Through the course of this cleanup, we've determined that Citoid's references do not require improvement by human editors for only a small percentage of sources. As one of the involved editors with a more technical background (although decades ago), I'm trying to understand how the whole thing works, so we can improve the quality of references on en-wiki and avoid repeats of this sort of cleanup. I've personally invested probably over 100 hours in this over the past few weeks. Folly Mox (talk) 08:49, 11 June 2023 (UTC)
- What I'm understanding from the documentation available here, Citoid uses a fork of the Zotero translators. Is that correct? If so, how recently was it forked, and/or how often is it forked? Citoid/Determining if a URL has a translator in Zotero states In production for wikimedia, we've enabled three translators. Folly Mox (talk) 08:51, 11 June 2023 (UTC)
- Sorry, that's outdated. We recently reactivated the fork, but not to make changes to whether it's supported in translation-server or not. I've now fixed that page. (In the past we enabled 3 translators that Zotero didn't have enabled, not 3 total) Mvolz (WMF) (talk) 18:41, 11 June 2023 (UTC)
- The repository at GitHub shows a great number of javascript files, such that I can't figure out how to get to the end of "A" in the alphabetical listing. How does this align with having "enabled three translators"?
- Talk:Citoid/Determining if a URL has a translator in Zotero has a comment from 2015 stating Citoid uses its own HTML meta-data scraper as a fall-back when Zotero doesn't return any result. Is there any way to record / indicate this? Like a hidden comment before the closing ref tag along the lines of "citation created by generic translator", or a warning message to the editor along the lines of "automated citations to this site may contain errors, please double check"?
- Citoid is a very powerful library, and during the course of my cleanup efforts I've dropped into the visual editor a couple times to make use of it (in cases where the reference had been generated from a URL where Citoid's behaviour is suboptimal, but which contained a DOI that could be used to create a complete citation). However, at en-wiki at least, there's a culture of trusting code to function perfectly in all cases where it doesn't generate any warnings or errors. Effecting cultural change is difficult, and creating references manually is time-consuming, so I'm exploring all avenues. I don't think my technical skills are high enough to start writing Zotero translators, and I'm not sure how to get Citoid to incorporate those translators in its dependencies.
- Also, citations created from Google Books never include editors, misattributing their contribution as authorship, and I'm not sure if that's something that can only be addressed by improving the translator or if it's something that is going on within Citoid. Thanks in advance for your answers. Kindly, Folly Mox (talk) 08:51, 11 June 2023 (UTC)

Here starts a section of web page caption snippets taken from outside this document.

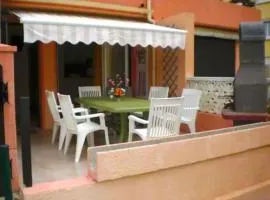 Apartment Das Mieukerien-Afrikareservat 15 Min- Strand 2 Min- by Interhome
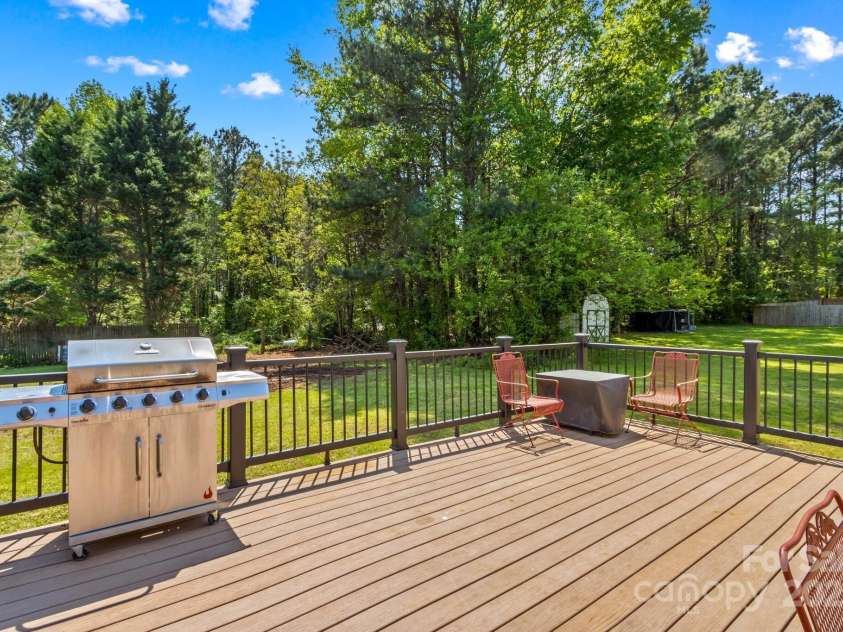 140 Hazelwood Drive, Rockwell, NC 28138.  MLS# CAR4247251, YatesRealty ID 7966. 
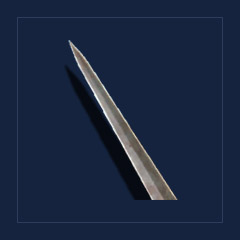 Long BladeMisc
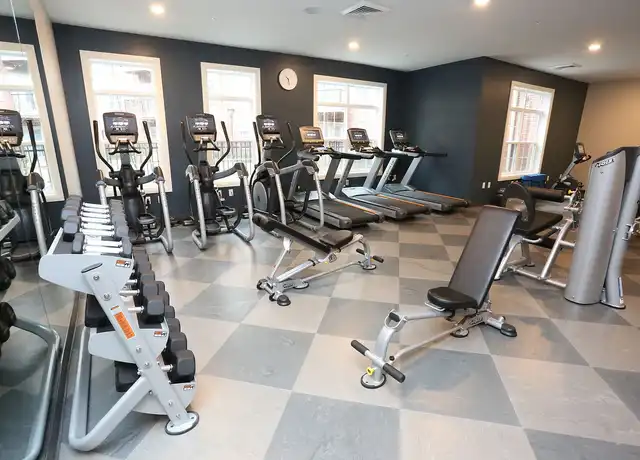 Property at Century Baxter Ave - 1221 E Broadway, Louisville, KY, 40204, 1-2 bed, 1-2 bath, [object Object]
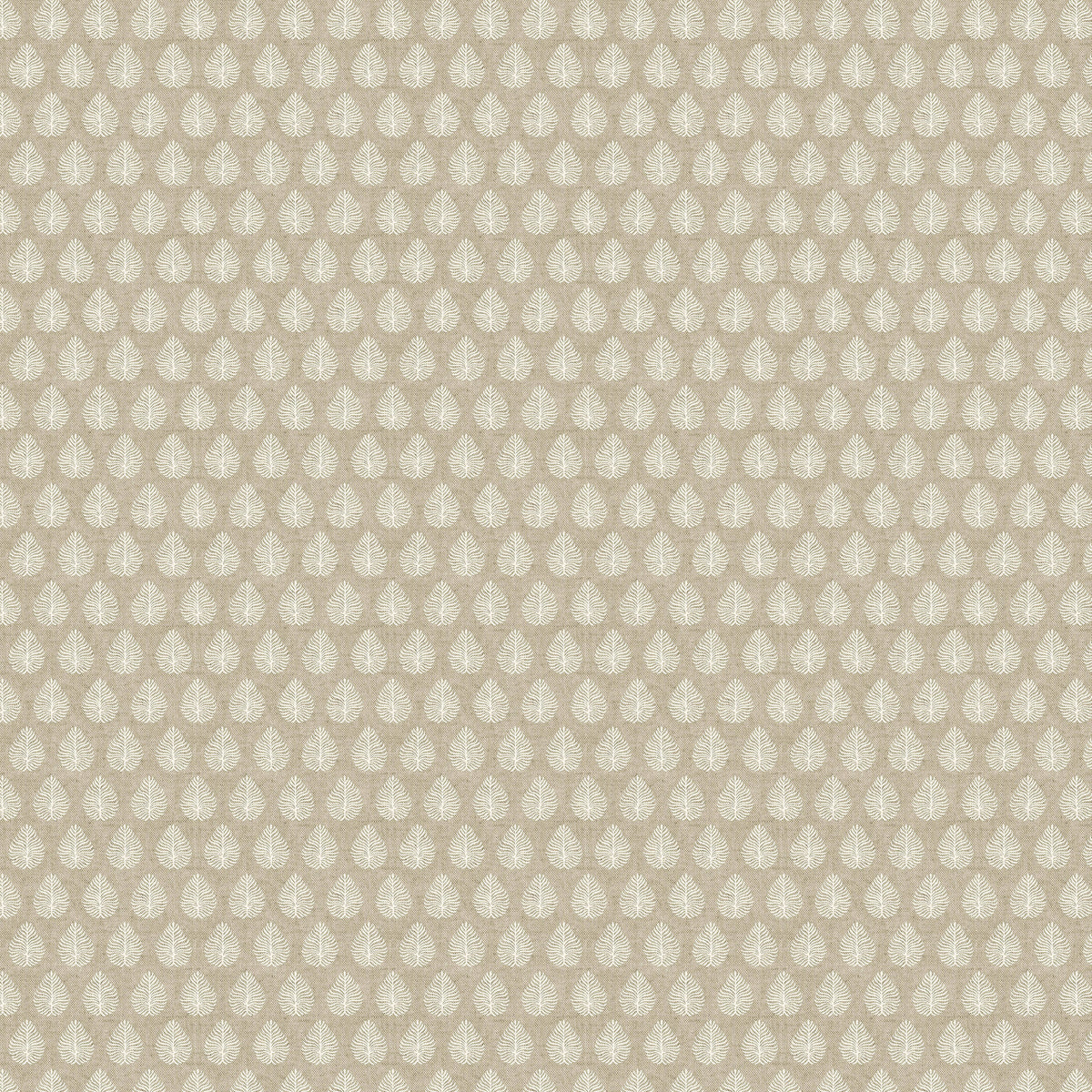 Emily Bond Jaipur Made to Measure Curtain Linen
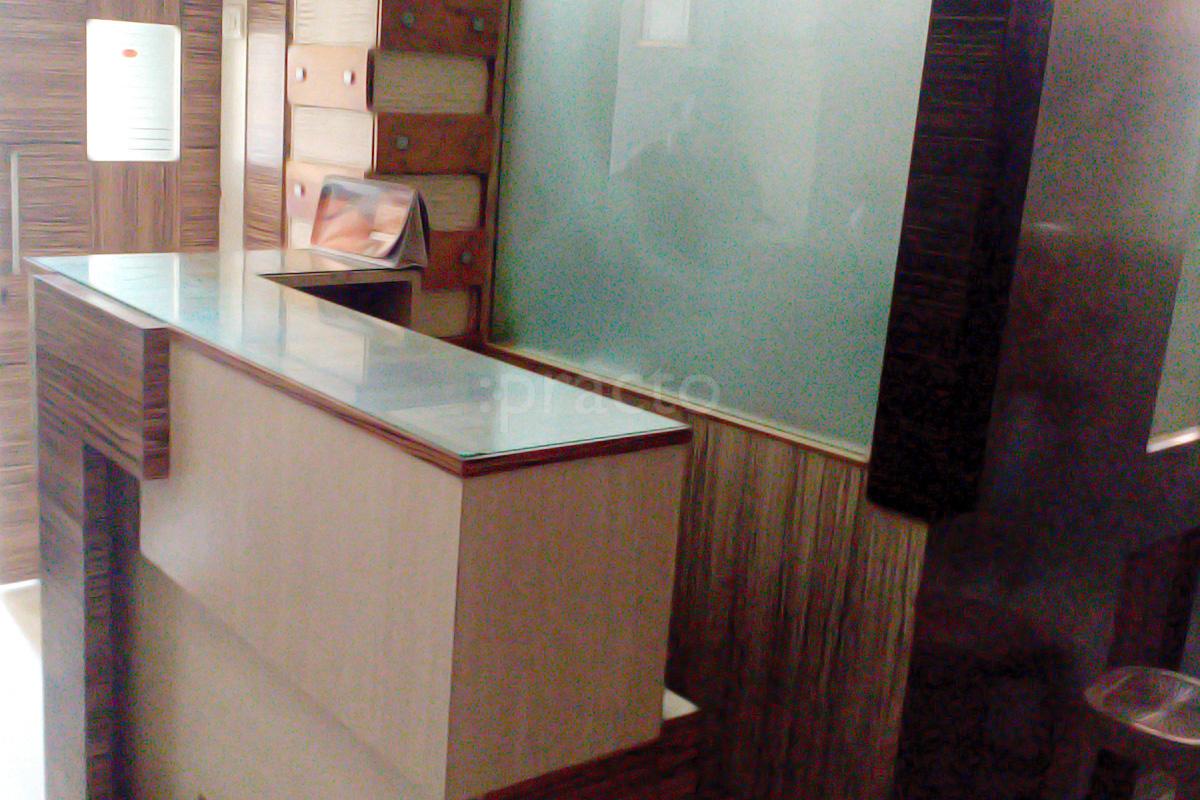 Reception at Ashirvad Hospital Ambernath Thane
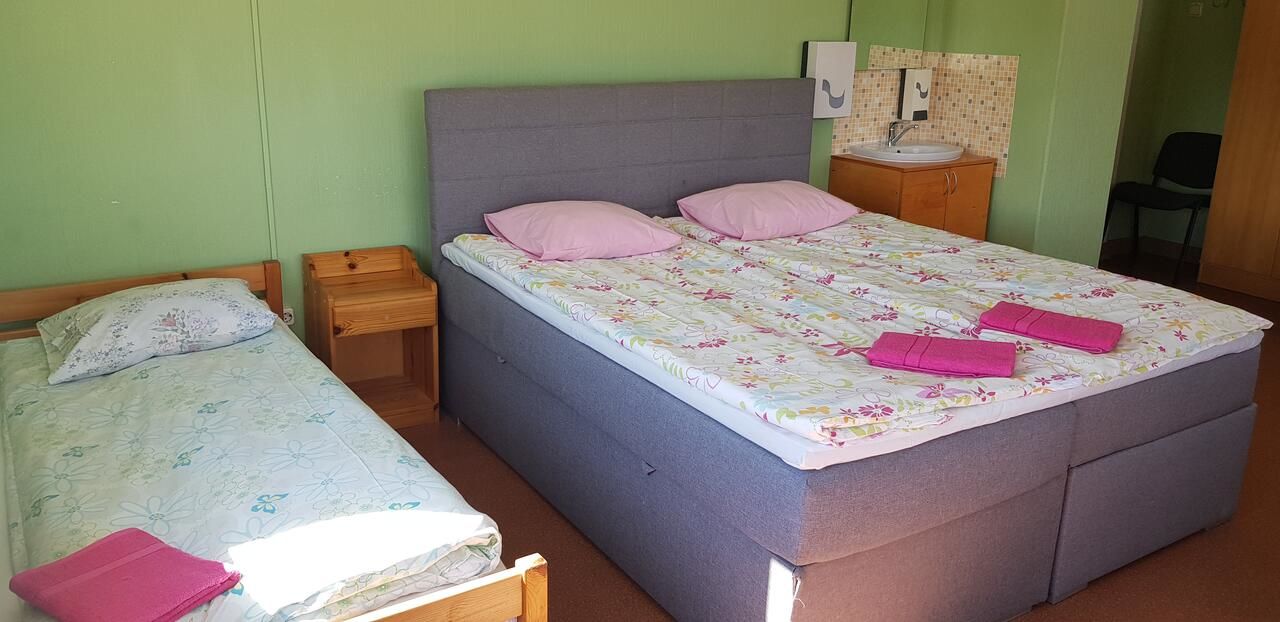 Хостелы Hostel Mare Роя-19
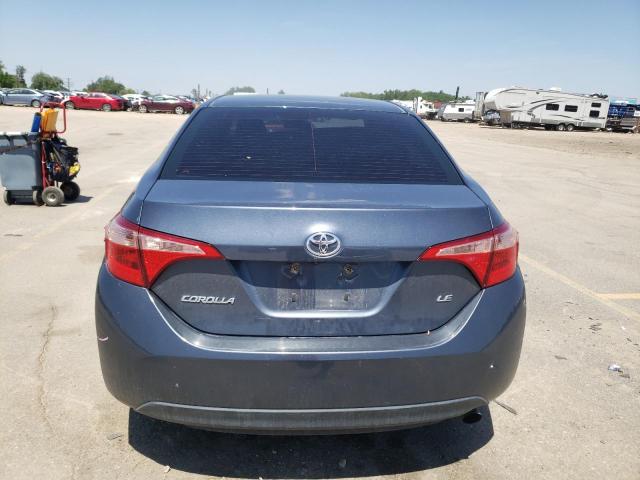 Photo 5 VIN: 2T1BURHE6JC110432 - TOYOTA COROLLA L 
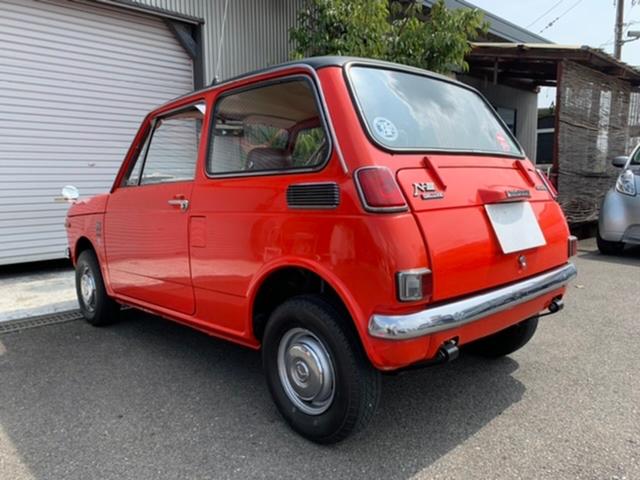 Ｎ３６０ Ｎ３デラックス　レザートップ（24枚目）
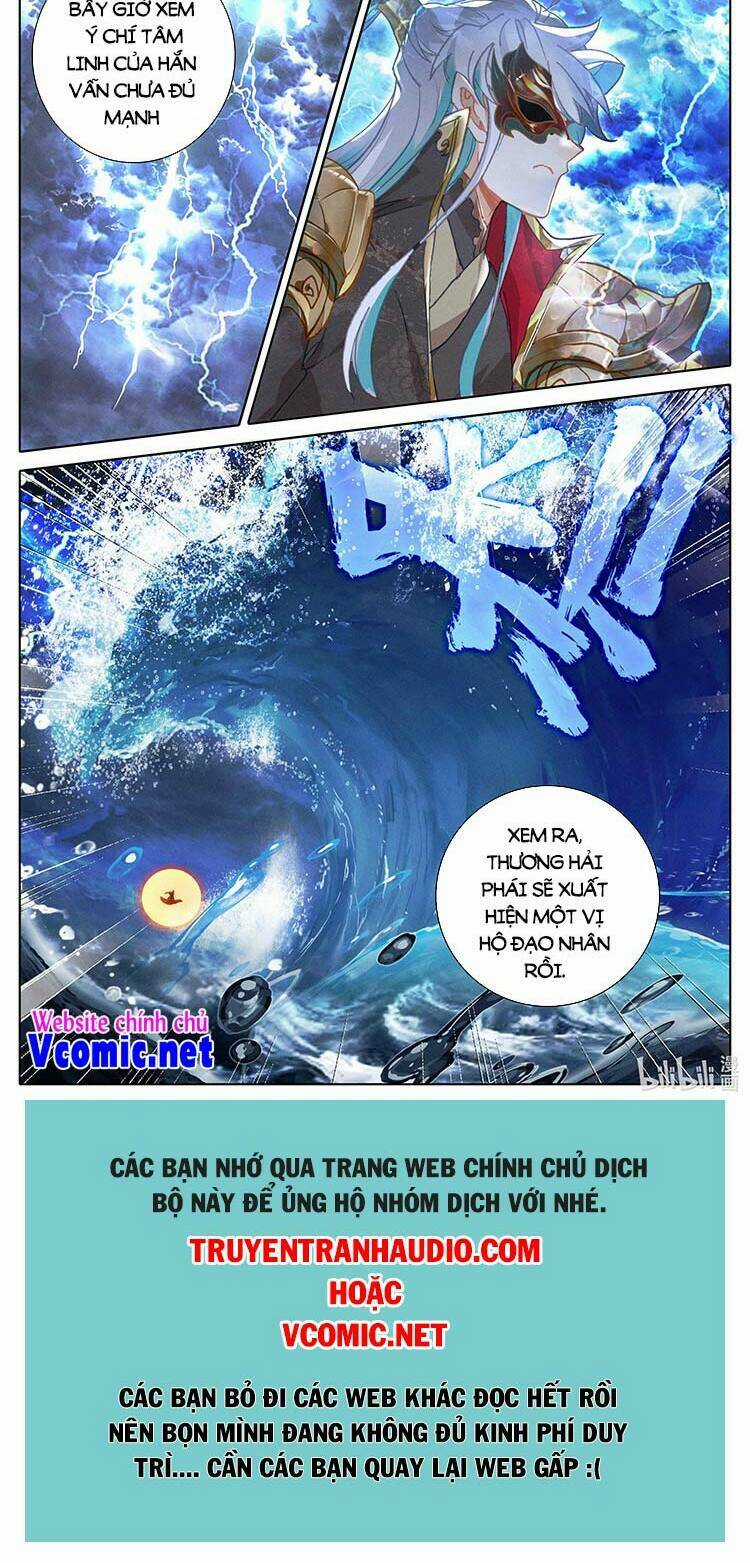 Thương Nguyên Đồ - Chapter 231 - Trang 10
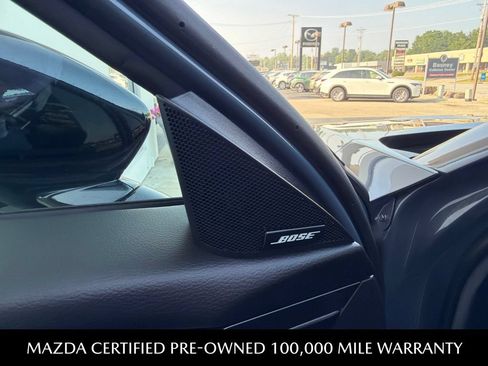 Certified 2026 MAZDA CX-50 2.5 Hybrid w/ Premium Plus Pkg AWD/4WD image 29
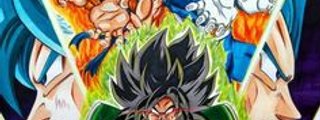 que personage eres de dragon ball super 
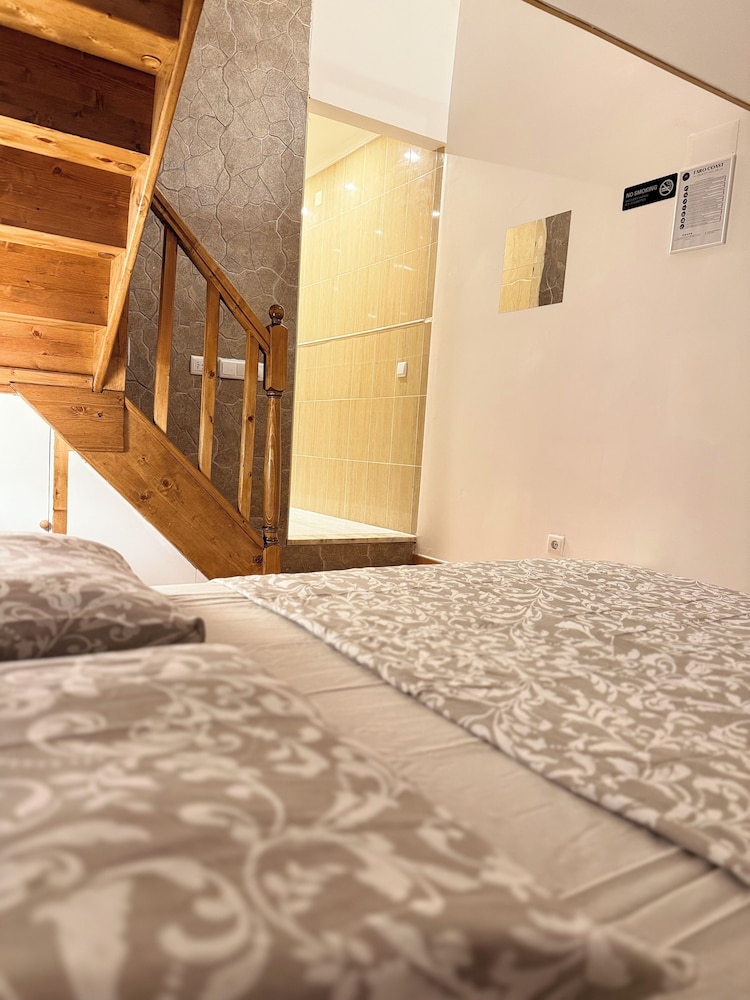 Faro Coast Guest House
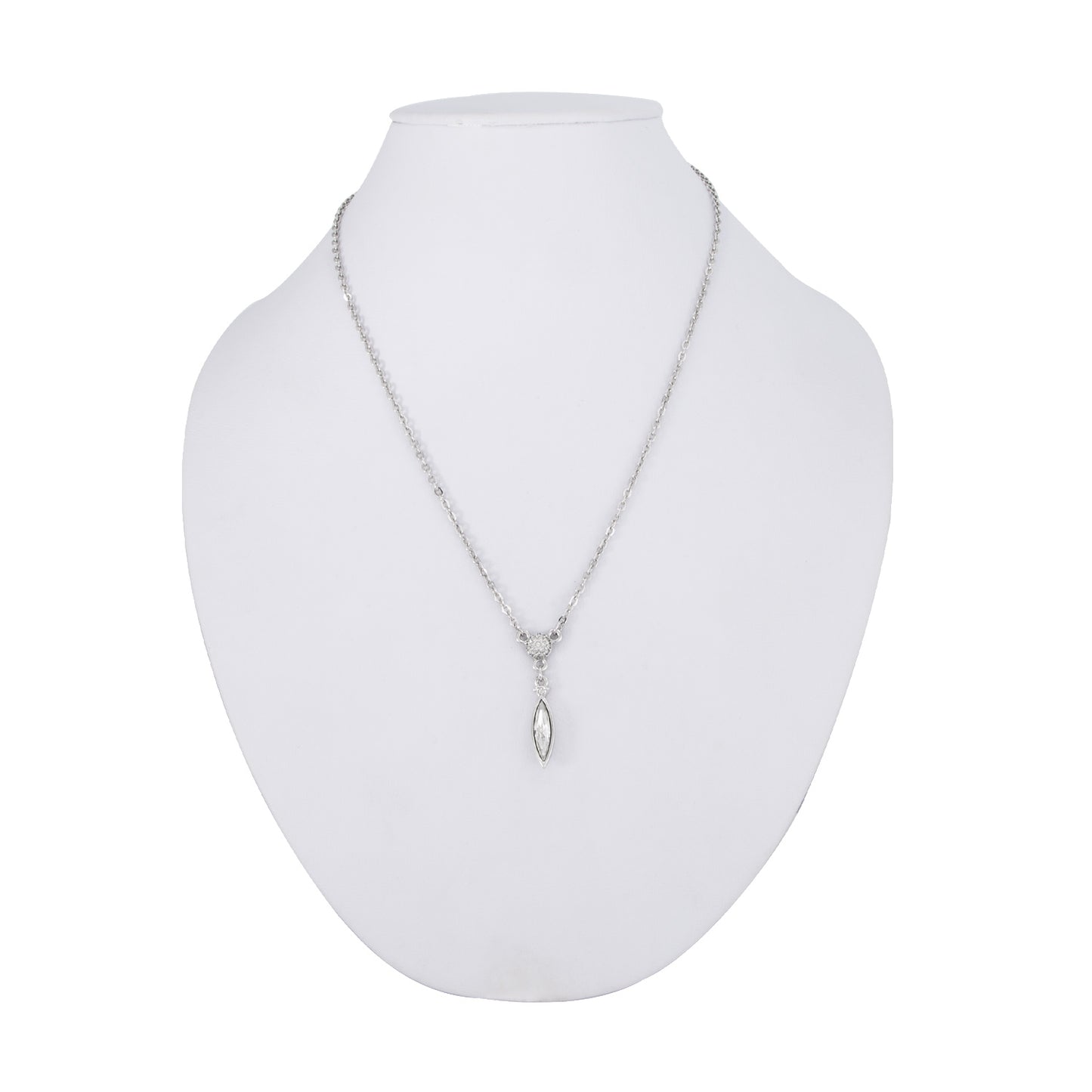 Juego de Aretes y Gargantilla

- There's a "powered by Zotero" message in the citation picker if it's from Zotero, but Zotero also has a generic translators now, so that is probably not super useful to you (historically they did not- it's very rare to have a purely citoid response now).
- The github repo you've found is a good place to look to see what's available (I note the aws tests haven't run in a while!) Note some of the poor citation quality is going to be from javascript loaded pages, so things that work well with Zotero the browser extension, which deals with the loaded page, won't necessarily give the same results after being scraped using translation-server. Mvolz (WMF) (talk) 18:44, 11 June 2023 (UTC)
- (I tried to post the above in one go, but kept tripping the abuse filter for "linkspam". I couldn't even get the third paragraph to post as a single comment. Maybe the filter settings are too strict?) Folly Mox (talk) 08:54, 11 June 2023 (UTC)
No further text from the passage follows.